Charles Barkley Runs Out Of Patience With Tiger Woods….. Is That Right Chuck?

Charles Barkley and Tiger Woods, once fast friends, haven’t spoken to each other in nearly two years.
And now that Woods has parted with another of his friends, longtime caddie Steve Williams, Barkley has run out of patience.
“It’s been very frustrating to watch everything that has transpired,” Barkley said Wednesday on ESPN New York 1050’s The Mike Lupica Show, “and getting rid of Steve Williams was probably the last straw for me.”
“You think you’re friends with a guy. You talk to him once a week for 15 years. You’re like, this dude is my friend, we do things, we have fun together,” Barkley said. “I haven’t talked to him in two years and I’m wondering what the hell is going on.”
“I’m sitting back like everyone else and saying, what the hell is going on?
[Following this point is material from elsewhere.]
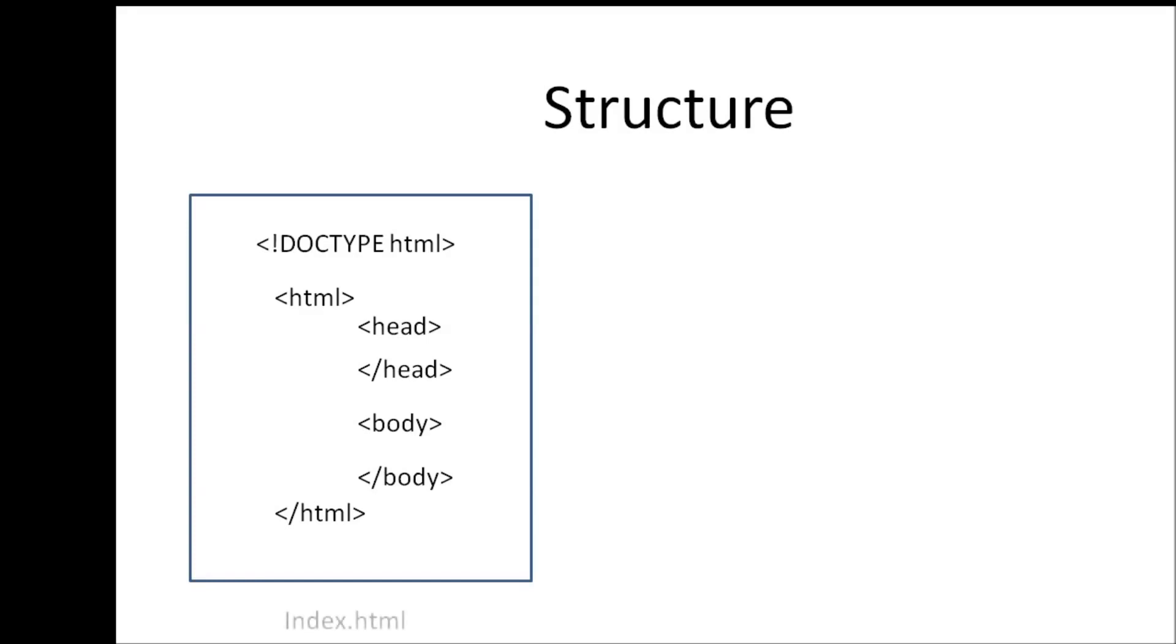And finally, when you have to save an HTML file, you save it with a .html extension. And since the landing page for a website is usually index, let's start by creating our very first web page, which is going to be index.html.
I just feel sad, to be honest with you,” Barkley said. “You’re like, dude, who is around this guy, who has his back, who has his best interest, who doesn’t want anything from him? I don’t know why we haven’t talked to him in a couple of years.”

Courtesy Mike Ehalt & ESPNNewYork.com

Don’t get me wrong here, because I love Sir Charles and everything he’s done over his career. From his starring role in “Look Who’s Talking 2” with John Travolta, to his ridiculous, sometimes non-English resembling rants on TNT every night where he looks and sounds like he just polished off a box of Franzia wine and a bag full of Coney Island hot dogs, Chuckles is 9 times out of 10 pure entertainment. But when it comes to bashing another man for how he handles his off-course actions, Charles is like the obese girl in the lunch room giving weight loss advice to the woman who just had a child two weeks prior.

Let’s take a look at his track record:
Exhibit A: While in Phili, Chuck spit at a fan in the stands, which actually landed on a female fan (great take home souvenir).
Exhibit B: He admitted to losing roughly 10 million dollars through gambling over his lifetime. And although that may seem like a lot to the majority of the human race, Chuck still is philanthropic when it comes to the Vegas lights and sports booking to this day.
Exhibit C: The DUI incident. You know, the one where Chuck was stopped for speeding drunk, and when he was asked why he was in such a hurry, he confessed willingly that he was in a rush to go meet up with a female to receive some oral sex. It wasn’t as politically correct as that, but you get the point.

So although I think he’s great for T.V. and my personal enjoyment, the facts are facts. Barkley has absolutely no business throwing horse manure on another man’s name when his is already littered with horse flies and a stench similar to B.J. Raji’s gym bag. You said it yourself Chuck, you are NOT a role Model.